==== Input records ====

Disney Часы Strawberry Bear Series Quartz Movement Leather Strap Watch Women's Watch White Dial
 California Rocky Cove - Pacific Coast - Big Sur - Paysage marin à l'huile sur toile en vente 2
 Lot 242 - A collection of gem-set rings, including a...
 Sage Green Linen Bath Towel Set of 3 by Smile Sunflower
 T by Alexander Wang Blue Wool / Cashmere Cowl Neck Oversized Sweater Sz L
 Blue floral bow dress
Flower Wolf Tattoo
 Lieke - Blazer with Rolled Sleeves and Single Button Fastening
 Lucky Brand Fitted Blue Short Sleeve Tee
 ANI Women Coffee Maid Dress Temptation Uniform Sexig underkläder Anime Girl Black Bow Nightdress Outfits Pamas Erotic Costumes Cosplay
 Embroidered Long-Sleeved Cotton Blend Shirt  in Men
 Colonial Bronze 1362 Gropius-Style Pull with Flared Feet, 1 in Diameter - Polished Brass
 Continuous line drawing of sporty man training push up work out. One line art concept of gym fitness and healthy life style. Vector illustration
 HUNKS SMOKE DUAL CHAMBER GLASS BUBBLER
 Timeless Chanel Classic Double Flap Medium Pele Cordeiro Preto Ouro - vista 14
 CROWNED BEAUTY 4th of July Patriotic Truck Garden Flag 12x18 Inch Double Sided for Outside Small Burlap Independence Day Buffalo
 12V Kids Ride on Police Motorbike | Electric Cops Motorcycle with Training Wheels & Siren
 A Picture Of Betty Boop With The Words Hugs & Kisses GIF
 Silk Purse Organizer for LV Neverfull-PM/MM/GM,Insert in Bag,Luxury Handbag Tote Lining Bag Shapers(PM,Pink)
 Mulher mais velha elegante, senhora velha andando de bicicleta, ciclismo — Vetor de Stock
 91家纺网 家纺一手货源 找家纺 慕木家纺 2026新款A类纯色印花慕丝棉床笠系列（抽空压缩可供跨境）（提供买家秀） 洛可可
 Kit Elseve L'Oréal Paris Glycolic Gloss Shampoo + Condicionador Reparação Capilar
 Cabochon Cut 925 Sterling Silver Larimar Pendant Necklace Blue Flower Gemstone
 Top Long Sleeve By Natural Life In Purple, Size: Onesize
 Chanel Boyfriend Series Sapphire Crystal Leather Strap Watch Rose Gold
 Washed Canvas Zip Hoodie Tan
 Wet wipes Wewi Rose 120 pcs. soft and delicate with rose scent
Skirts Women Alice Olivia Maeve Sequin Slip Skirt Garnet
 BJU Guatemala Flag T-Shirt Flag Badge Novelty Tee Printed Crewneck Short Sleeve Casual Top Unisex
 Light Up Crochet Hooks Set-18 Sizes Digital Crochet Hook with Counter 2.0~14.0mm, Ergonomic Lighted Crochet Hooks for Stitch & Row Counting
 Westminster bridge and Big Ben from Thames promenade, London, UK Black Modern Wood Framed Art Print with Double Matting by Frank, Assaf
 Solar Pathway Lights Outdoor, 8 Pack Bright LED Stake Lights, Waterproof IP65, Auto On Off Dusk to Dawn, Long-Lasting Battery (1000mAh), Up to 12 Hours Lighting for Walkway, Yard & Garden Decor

====

● **Exercise**: Check the entries above for the word "Series" and copy every line where it turns up.

● **Result for this exercise**:
Disney Часы Strawberry Bear Series Quartz Movement Leather Strap Watch Women's Watch White Dial
 Chanel Boyfriend Series Sapphire Crystal Leather Strap Watch Rose Gold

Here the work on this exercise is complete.